En su nueva película, Wes Anderson vuelve a transitar por sus vías habituales: reconocemos personajes, texturas (esas combinaciones de animación y filmaciones convencionales, las formas de la dirección artística, el modo de componer los planos,...) y situaciones. Algo, sin embargo, ha cambiado.
Ha cambiado en la trama. Porque aquí, por primera vez, hallamos numerosas escenas de acción. Y que conducen a los personajes protagonistas por un camino de aventura (obviamente influido, en cuanto a las formas expresivas, por el lenguaje del cómic), y de enfrentamiento con unos antagonistas, sobre los que han de triunfar. Así, los característicos personajes individualistas y visionarios propios del cine del director son insertados, en este caso, en un contexto histórico: ciertamente, ficticio; mas no ausente de referencias a la realidad.
Y es que (como el propio director explicita, en su dedicatoria final a Stefan Zweig), aquí, los dilemas -usualmente, en el cine de Anderson, individuales- devienen colectivos: unos individuos libres y (esencialmente -a pesar de las simpáticas trampas en que incurren) decentes han de maniobrar en un entorno social crecientemente oscuro, en el que la amenaza del autoritarismo y la pérdida de los valores "civilizados" se vuelve más y más visible. En la película (a diferencia de lo que ha sucedido y sigue sucediendo en la realidad), los individuos son capaces de triunfar, de burlar al poder autoritario.
Por el camino, sin embargo, algo se ha perdido (en comparación con las anteriores películas del director). Acaso, porque la grandilocuencia amenaza a la película. La trama, en efecto, en realidad no está a la altura de sus pretensiones de retrato histórico; restando, pues, la pura aventura, trufada de comedia. Y, no obstante, el énfasis proporcionado por una estructura dramática construida mediante la mise en abyme (una historia dentro de otra historia, que a su vez está dentro de otra historia...), así como la referencia histórica (casi) explícita (a la Europa de entreguerras... según fue representada en el cine -Ernst Lubitsch como referencia imaginaria más evidente) apuntan hacia una promesa -de revelarnos algo relevante acerca de la realidad social- que no acaba de cumplirse.
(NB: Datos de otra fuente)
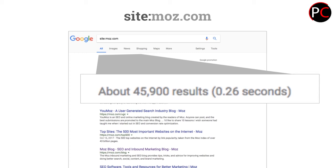That number represents how many pages meet this criteria that are in the index. This is not the same as how many pages are actually on the maz.com site — this is just the number of pages that the search engine has in its index. This might be smaller than the total number of pages on the site, or it might be bigger, and both of those would be things we want to understand.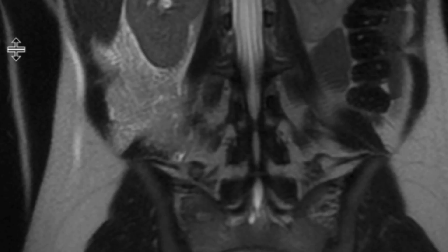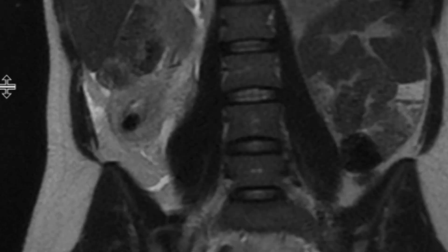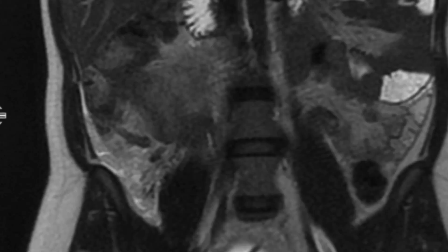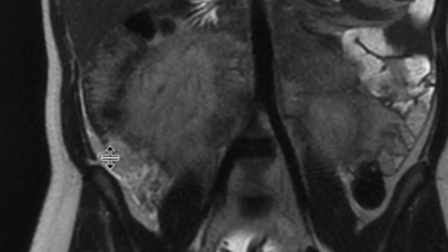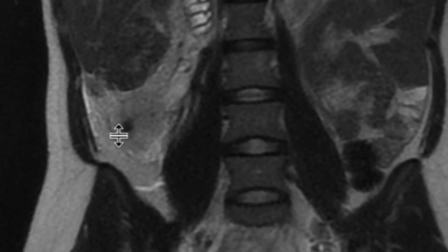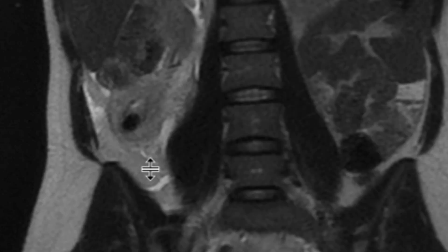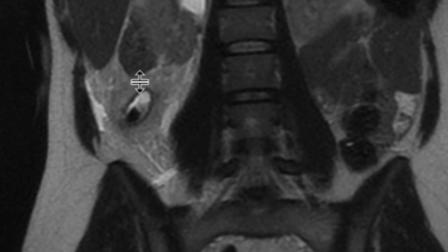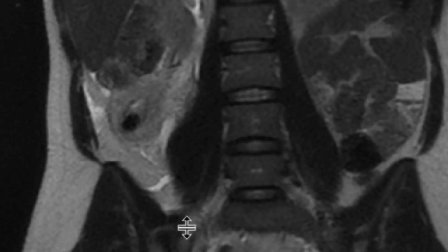These coronal T2-weighted images show the appendix really nicely, coming from the base of the cecum, going up to this area where there's an appendicolith. Beyond that, the appendix is quite distended and fluid-filled, with lots of inflammatory changes.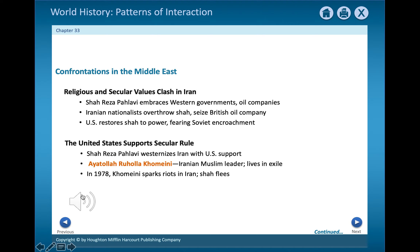The United States helped the Shah defeat them. Over time, the Shah tried to weaken the influence of the Islamic religion in Iran. A Muslim leader named Ayatollah Khomeini led a successful revolt. In 1979, the Shah was forced to leave the country. Khomeini made Islamic law the law of the land and followed a foreign policy that was strongly against the United States. He also led his country to a long war with Iraq, its neighbor.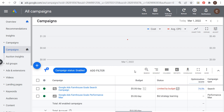Welcome to the Surfside PPC YouTube channel. Today I'm going to be going over Google Ads Remarketing, and I'm going to show you exactly how to create Google Ads Remarketing audiences, which are also referred to as data segments, and how to target them in your campaigns.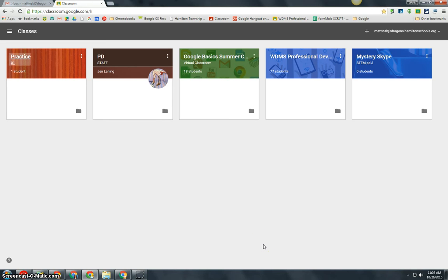Hello, my name is Kim Attina. This screencast will show you how to add information about your class into Google Classroom.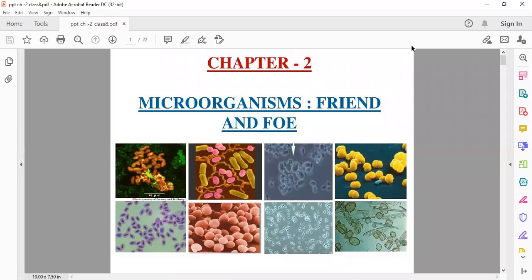Hello children, today we'll recap chapter number two: microorganism, friend and foe.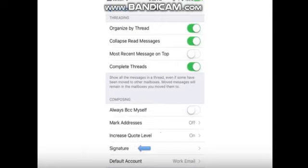Signature. Choose what message appears at the bottom of all emails sent from your phone.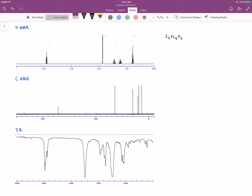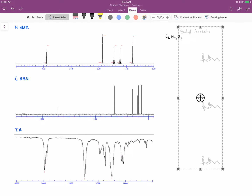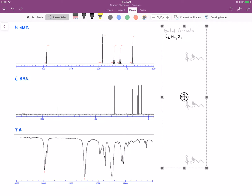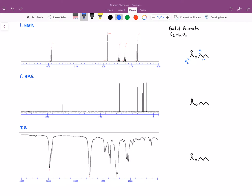Hopefully you had a chance to work through that. The name of this compound is butyl acetate, and there is the structure of butyl acetate provided. Let's go ahead and start with the HNMR. As far as the hydrogens on this compound are concerned, we have two that I'm going to label as H1, three over here that are equivalent labeled as H2, and then these two here as H3, H4, and H5. Those five sets of hydrogens correlate to the five peaks we see on the HNMR.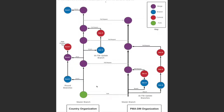This is important because we have identifiable information in many of our do files that cannot be seen by people who are not on the country's data management team. The repositories in the country organizations were initially created by forking the master branch from the PMA data management organization into the country organization. Not only does this create a direct copy of the repository, but it enables us to make the necessary pull requests back and forth between the two organizations. If we did not fork the repository, it would not be possible to share changes from one organization to another.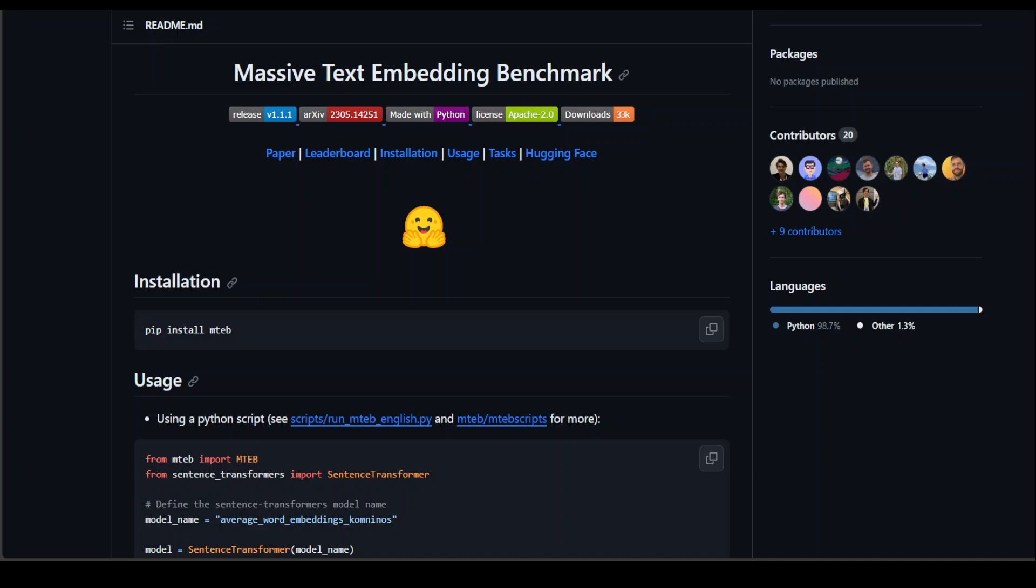In this video, I am going to introduce you to MTEB Benchmark.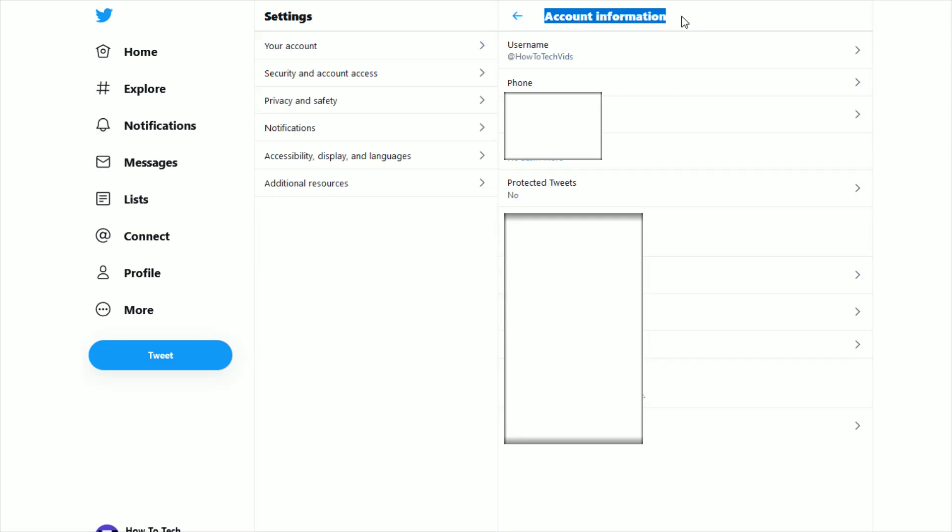And before getting into your account information, Twitter may ask you to enter in your password just to verify that it is the account holder that is trying to access this information.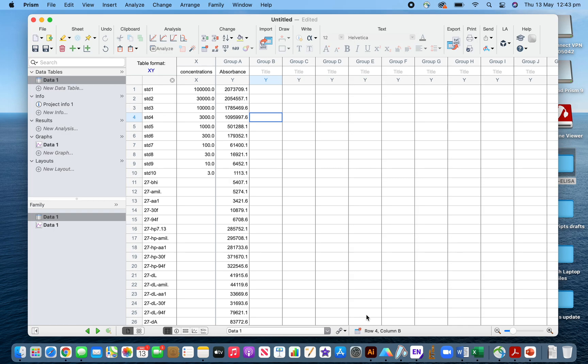Hi, this is for calculation of IL-8 ELISA results. If you get the standard curve from the ELISA plate, you may get 12 standard curve results here.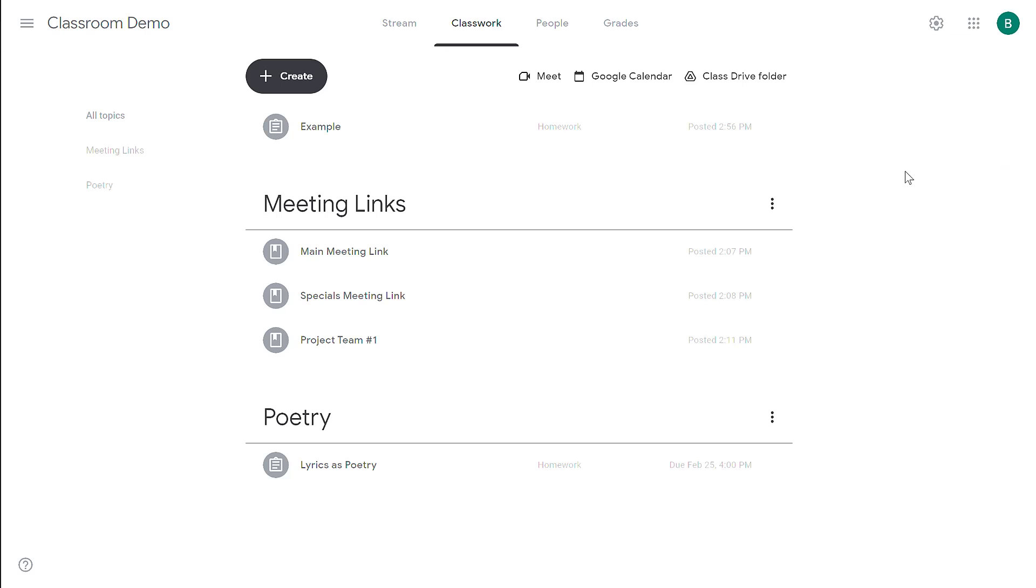I hope that answers how attachments that are assigned to students are handled in Google Classroom. At the end of the video, you're going to see a playlist to other Google Classroom videos. If you have any questions, put them in the comments. Thanks for watching. Let me know if I can help.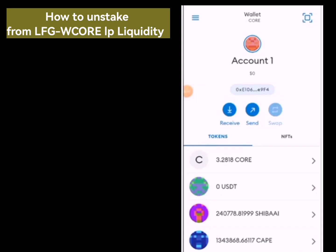In this video I'll be showing you how to unstake your LFG token. In my last video I showed how to stake LFG, and many people have asked me to do a video on how to unstake. Watch this video to the end so that you don't make any mistakes.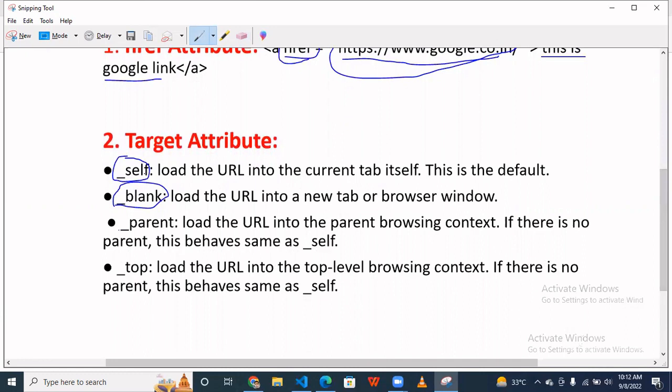So if you want to show that URL on that particular page, you have to use underscore self. And if you want to redirect that link to another page in a new tab, then you have to use underscore blank. Similarly you can read this.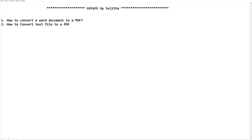Hello techies, welcome back to our channel UiPath by Sujita. In this video we are going to do a practice session to convert a document to a PDF and to convert a text file to a PDF. Many of you might be facing these issues while you try to convert any text files or documents to a PDF. If you are a beginner to UiPath Studio, this is the right video to start with your basic tasks.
Y es que parece que Anderson se ha movido mejor en narraciones (aparentemente) más sencillas: en la narración de historias de individuos que maniobran para reafirmar su personalidad, en entornos sociales amenazantes. Mas nunca, hasta ahora, había intentado en realidad profundizar en las características de dichas estructuras sociales. Lo ha intentando aquí, pero no lo ha logrado. Lo que queda es una película extremadamente barroca en cuanto a la forma. Mas, aunque divertida e inteligentemente narrada, algo superficial, en último extremo. Y es que -como ya varios críticos han señalado- tal vez, con The Grand Budapest Hotel, Wes Anderson haya llegado al límite de las capacidades expresivas de una determinada forma (la suya) de concebir el cine.